For your delectation, here is a collection of some of the quotes contained in the unsealed material as each party puts its case.
Viacom document: In an e-mail dated 19 June 2005, co-founder Steve Chen wrote to fellow co-founders Chad Hurley and Jawed Karim:
"jawed (Karim), please stop putting stolen videos on the site. We're going to have a tough time defending the fact that we're not liable for the copyrighted material on the site because we didn't put it up when one of the co-founders is blatantly stealing content from other sites and trying to get everyone to see it."
"The former President of MTV testified that... 'Jon Stewart and Stephen Colbert believed that their presence on YouTube was important for their ratings.'"
(Viacom claimed clips of these TV shows were on the site without authorisation.)
Viacom document: "Ok man, save your meal money for some lawsuits! ;) no really, I guess we'll just see what happens," Mr Hurley tells partners Mr Chen and Mr Karim via e-mail in July 2005, as the three men decide to leave some copyrighted stuff on the site.
Google/YouTube document: "We believe YouTube would make a transformative acquisition for MTV Networks/Viacom that would immediately make us the leading deliverer of video online, globally," said an internal Viacom slide that Google filed with the court.
Viacom document: In one e-mail, Mr Chen urged associates to "concentrate all our efforts in building up our numbers as aggressively as we can through whatever tactics, however evil."
Viacom document: in April 2005, Mr Karim wrote his co-founders, "It's all 'bout da videos, yo. We'll be an excellent acquisition target once we're huge."
Google/YouTube document: "An MTV marketing executive described posting clips to YouTube as a 'no brainer' and raved that the benefits of placing content on YouTube were 'overwhelming'."
"In a memorandum... the Google Video team advised senior Google executives: YouTube is 'a 'rogue enabler' of content theft' 'YouTube's content is all free, and much of it is highly sought after pirated clips.'"
"Viacom alone has uploaded thousands of videos to YouTube to market hundreds of its programs and movies, including many that are now works in suit... Viacom does so for a simple reason: this kind of marketing works. As a Viacom employee explained to The Wall Street Journal: 'you almost can't find a better place than YouTube to promote your movie.'"

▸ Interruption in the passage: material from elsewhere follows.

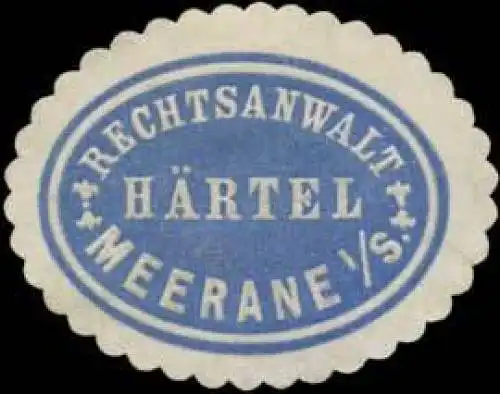 Rechtsanwalt HÃ¤rtel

Another interesting tit-bit contained in the court documents is just how much everyone made when Google bought YouTube for $1.65bn (£1.1bn).
Viacom noted that on 11 August 2005, outside Sequoia's offices in Palo Alto, YouTube co-founder Jawed Karim asked the two other YouTube co-founders, as captured on video, "At what point would we tell them our dirty little secret, which is that we actually just want to sell out quickly," and Chad Hurley responded, "we'll have to erase the file".
Peter Kafka, who is a senior editor at All Things D has broken the figures that Viacom uses down as follows:
• $516m to Sequoia Capital, which invested $9m in the company
• $334m to co-founder Chad Hurley
• $301m to co-founder Steve Chen
• $85m to Artis Capital, which invested $3m
• $66m to co-founder Jawed Karim
• Five other YouTube employees received shares worth a total of $33.4m
And of course all this proves is you should never ever ever put anything sensitive or disparaging in an e-mail. Or a blog post either, I guess.